A typical effect obtained by the invention disclosed herein will be
described below.
According to the invention, it is possible to provide a liquid
crystal display device having an LED drive circuit which can
control the dimming control signal even with a pulse width of
several tens .mu.sec or less.
Hereinafter, embodiments of the invention will be described in
detail with reference to the drawings.
Throughout the drawings for describing the embodiments, identical
symbols are assigned to portions having the same functions, and
they shall not be repeatedly explained.
Embodiment 1
FIG. 1 is a block diagram showing a schematic configuration of a
liquid crystal display device according to Embodiment 1 of the
invention.
The liquid crystal display device according to Embodiment 1
includes a liquid crystal display panel and a backlight BL disposed
at the back of the liquid crystal display panel.
The liquid crystal display device according to Embodiment 1 has the
liquid crystal display panel and the direct type backlight BL. The
liquid crystal display panel has a first substrate SUB1 and a
second substrate SUB2. The first substrate SUB1 is formed with a
thin film transistor, a pixel electrode, and the like, while the
second substrate SUB2 is formed with a light shielding film, a
color filter, and the like. A counter electrode is formed at the
first substrate SUB1 when the liquid crystal display panel is of
the lateral electric field type such as an IPS type, while the
counter electrode is formed at the second substrate SUB2 when the
liquid crystal display panel is of the vertical electric field type
such as a VA type.
The liquid crystal display panel is formed by bonding the first
substrate SUB1 and the second substrate SUB2 together via a sealing
material and injecting and sealing liquid crystal between the first
substrate SUB1 and the second substrate SUB2. A polarizer (not
illustrated) is disposed at both outsides of the first substrate
SUB1 and the second substrate SUB2. The invention is not directly
related to the structure of the liquid crystal display panel, and
therefore the structure of the liquid crystal display panel is
omitted.
A video line drive circuit DRD is disposed on the first substrate
SUB1 along one long side, while a scanning line drive circuit DRG
is disposed on the first substrate SUB1 along one short side.
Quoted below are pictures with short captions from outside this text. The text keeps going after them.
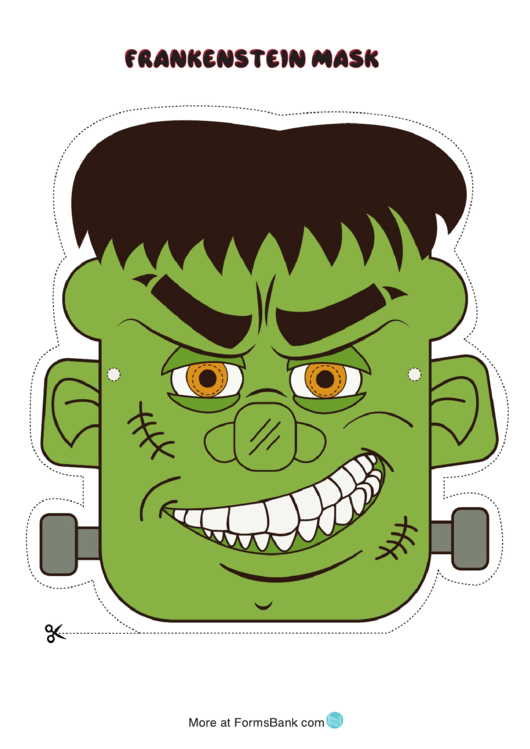 Monster Frankenstein Mask Template Printable pdf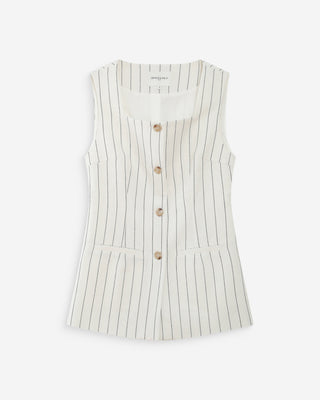 Gilet rayé en lin white Vic
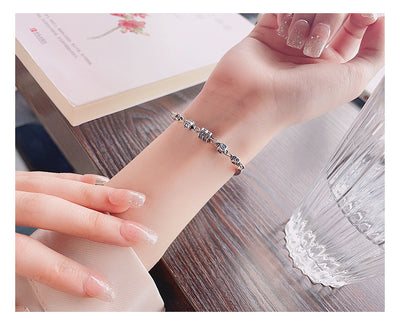 Pulsera de Plata Esterlina S925 con Cubo Giratorio y Cierre de Costura - Image 8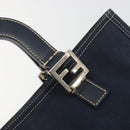 FENDI Hand Bag Canvas Navy Silver Auth 198689A-14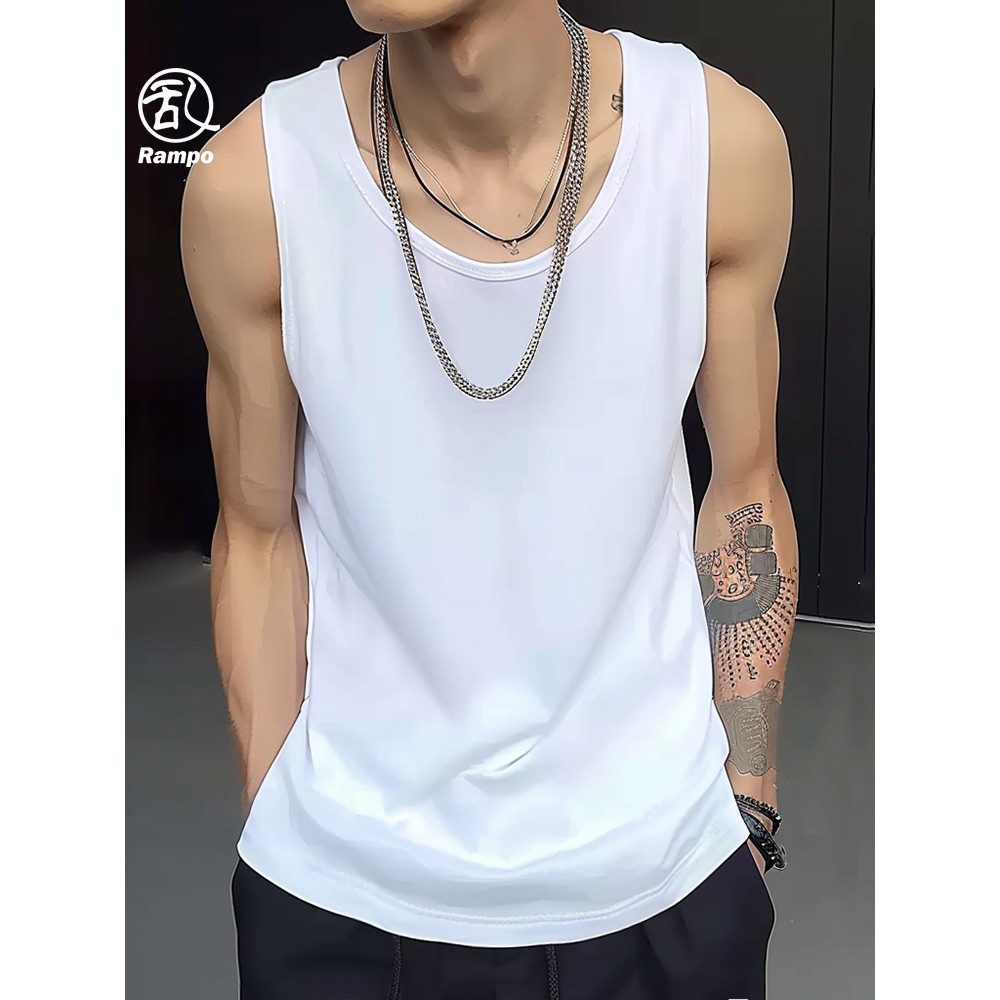 240g puro algodão americano Street Wear cor sólida sem mangas colete masculino verão único estilo básico esportes Fitnes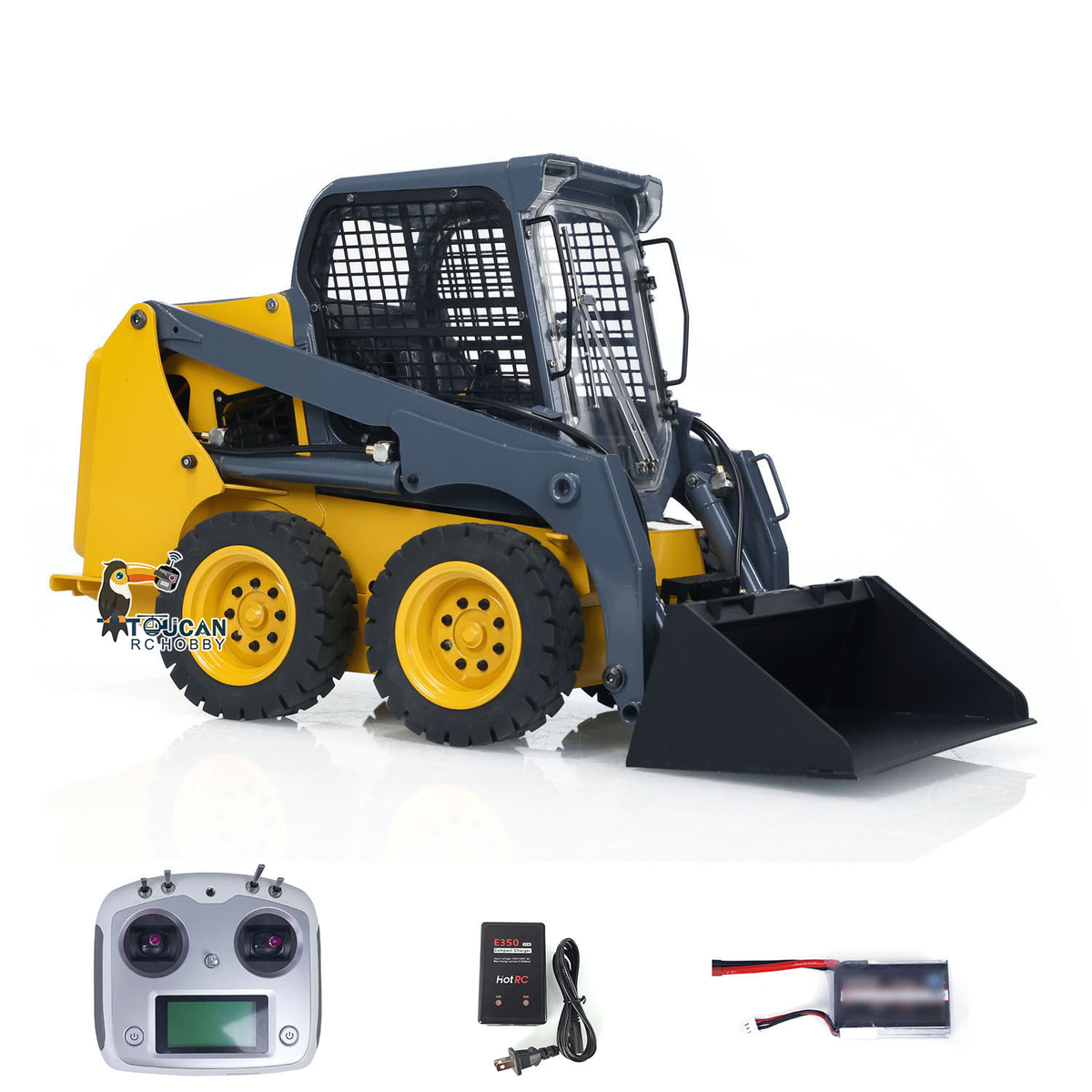 Chargeur hydraulique RC à direction à glissement SM450 en métal 1/14 modèle de voiture à roues télécommandée
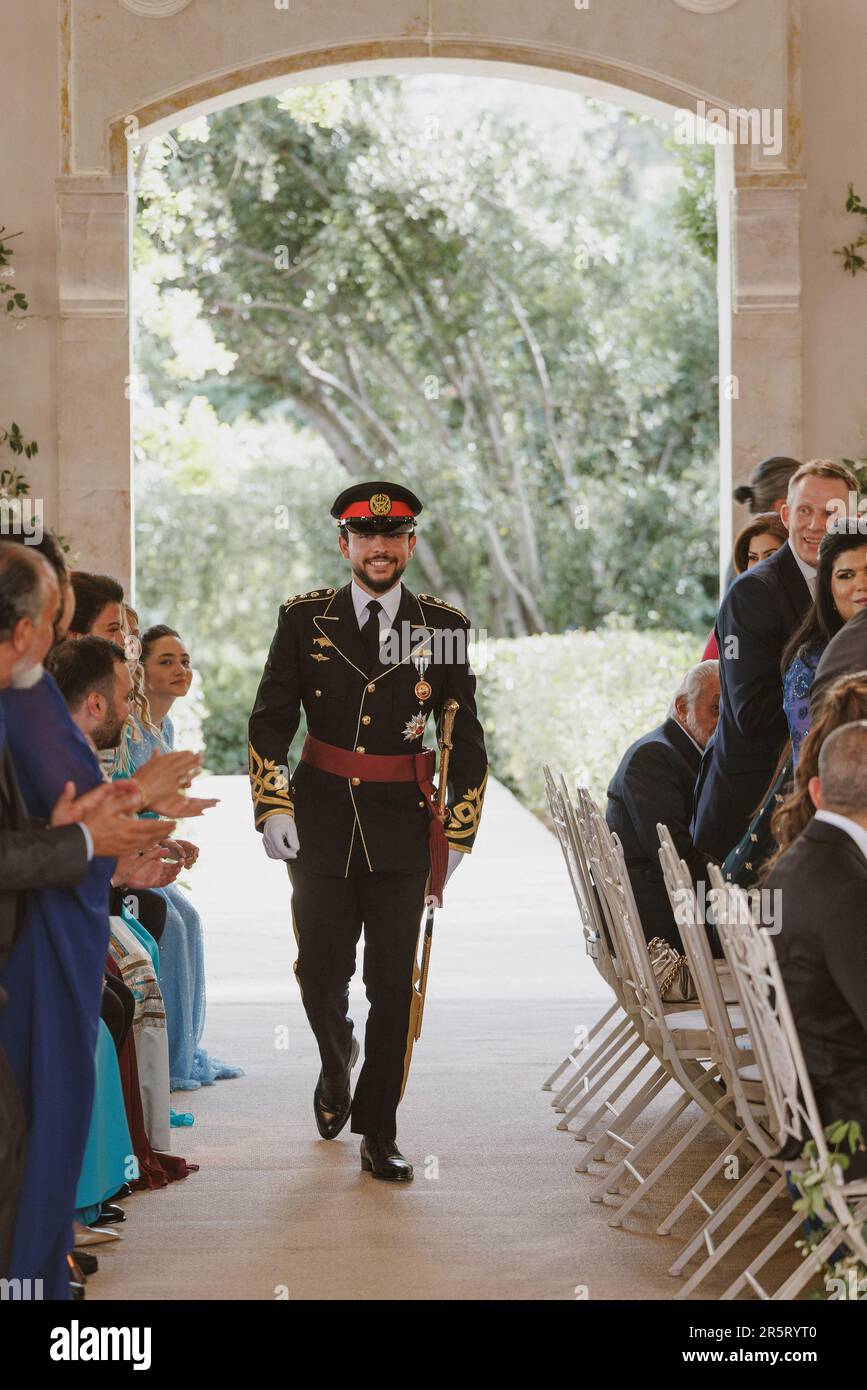 Amman, Jordanie. 01st juin 2023. Le prince héritier de Jordanie, Al Hussein bin Abdullah II, arrive au palais de Zahran à Amman, en Jordanie, sur 1 juin 2023. Photo de Balkis Press/ABACAPRESS.COM Credit: Abaca Press/Alay Live News Banque D'Images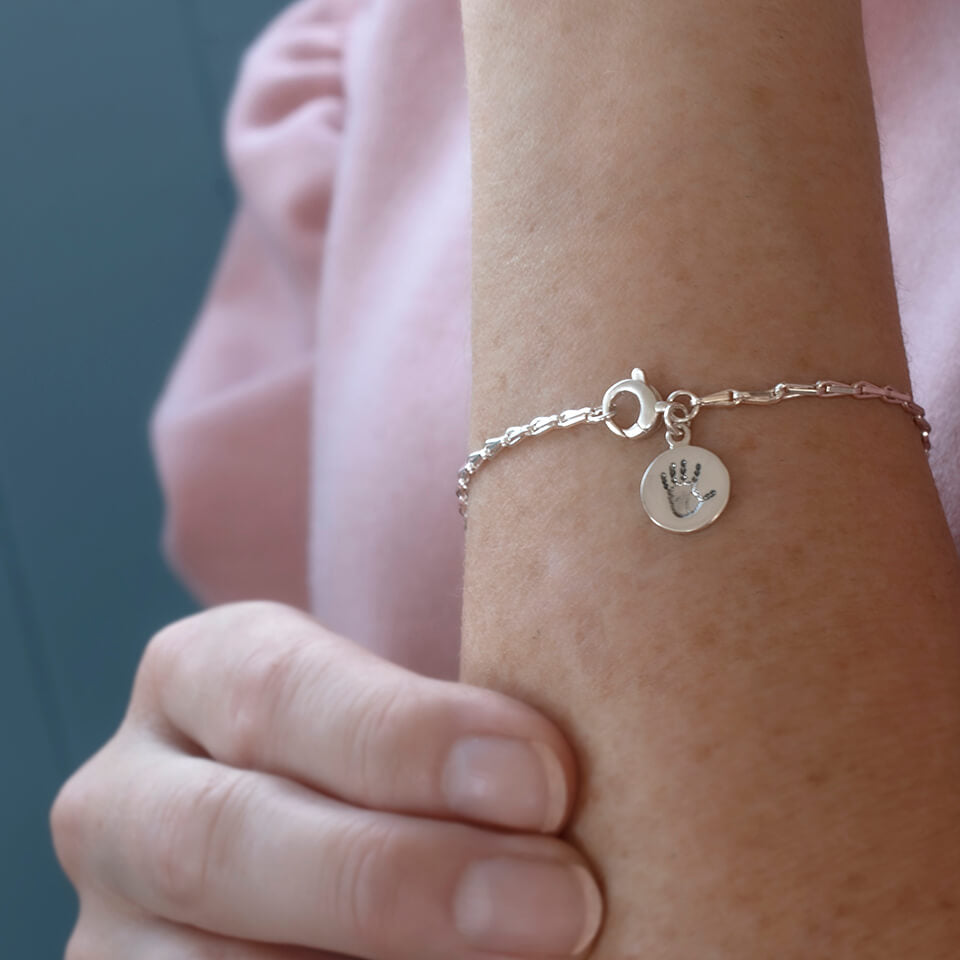 Handprint or footprint dot charm with hayseed bracelet | Silver or Gold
The video line drive circuit DRD and the scanning line drive
circuit DRG are controlled and driven by a display control circuit
(timing controller) 30.
In FIG. 1, although the video line drive circuit DRD and the
scanning line drive circuit DRG have been described as each being
composed of a separate semiconductor chip (two semiconductor
chips), the video line drive circuit DRD and the scanning line
drive circuit DRG may be composed of one semiconductor chip.
The backlight BL has a white light-emitting diode (not illustrated)
as a light source, and the white light-emitting diode is driven by
an LED drive circuit 50. A dimming control signal PWM is input from
the display control circuit 30 to the LED drive circuit 50. The
dimming control signal PWM may be input from outside to the LED
drive circuit 50. The white light-emitting diode may be obtained by
combining a blue light-emitting diode with a yellow phosphor.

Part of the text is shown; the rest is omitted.